Records from a data source
────────────────────

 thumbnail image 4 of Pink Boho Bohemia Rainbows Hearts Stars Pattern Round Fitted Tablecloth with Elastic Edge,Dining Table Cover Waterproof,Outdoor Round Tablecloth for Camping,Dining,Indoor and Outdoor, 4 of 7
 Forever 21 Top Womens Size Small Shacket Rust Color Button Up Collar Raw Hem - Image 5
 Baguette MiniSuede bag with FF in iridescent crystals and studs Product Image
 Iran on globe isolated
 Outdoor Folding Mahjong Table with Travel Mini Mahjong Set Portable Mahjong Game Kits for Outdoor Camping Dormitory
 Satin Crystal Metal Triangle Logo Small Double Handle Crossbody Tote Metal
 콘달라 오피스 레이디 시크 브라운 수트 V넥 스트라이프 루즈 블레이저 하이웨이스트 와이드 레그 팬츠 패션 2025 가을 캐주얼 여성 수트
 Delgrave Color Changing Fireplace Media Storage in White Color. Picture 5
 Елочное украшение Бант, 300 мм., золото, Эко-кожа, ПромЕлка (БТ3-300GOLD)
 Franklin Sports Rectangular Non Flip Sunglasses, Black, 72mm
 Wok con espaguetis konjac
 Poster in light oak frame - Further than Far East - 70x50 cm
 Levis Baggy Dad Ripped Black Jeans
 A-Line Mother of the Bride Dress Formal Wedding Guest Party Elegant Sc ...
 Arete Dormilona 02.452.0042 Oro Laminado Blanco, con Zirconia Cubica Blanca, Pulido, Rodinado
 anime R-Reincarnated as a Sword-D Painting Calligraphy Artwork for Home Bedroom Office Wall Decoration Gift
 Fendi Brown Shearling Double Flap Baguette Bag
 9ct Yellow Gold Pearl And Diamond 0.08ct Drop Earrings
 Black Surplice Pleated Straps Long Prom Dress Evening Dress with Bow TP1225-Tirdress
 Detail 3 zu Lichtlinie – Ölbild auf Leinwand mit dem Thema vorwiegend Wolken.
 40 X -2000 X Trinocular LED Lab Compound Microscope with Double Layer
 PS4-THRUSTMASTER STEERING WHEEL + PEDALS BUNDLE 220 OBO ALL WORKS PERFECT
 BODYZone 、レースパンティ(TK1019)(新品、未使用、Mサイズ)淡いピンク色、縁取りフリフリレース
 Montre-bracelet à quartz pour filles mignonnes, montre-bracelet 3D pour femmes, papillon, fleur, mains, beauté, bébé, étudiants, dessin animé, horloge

────────────────────

Using the data above, reproduce exactly the lines from the line that contains "Wok con espaguetis konjac" through the line that contains "anime R-Reincarnated as", including both.

Response box:
 Wok con espaguetis konjac
 Poster in light oak frame - Further than Far East - 70x50 cm
 Levis Baggy Dad Ripped Black Jeans
 A-Line Mother of the Bride Dress Formal Wedding Guest Party Elegant Sc ...
 Arete Dormilona 02.452.0042 Oro Laminado Blanco, con Zirconia Cubica Blanca, Pulido, Rodinado
 anime R-Reincarnated as a Sword-D Painting Calligraphy Artwork for Home Bedroom Office Wall Decoration Gift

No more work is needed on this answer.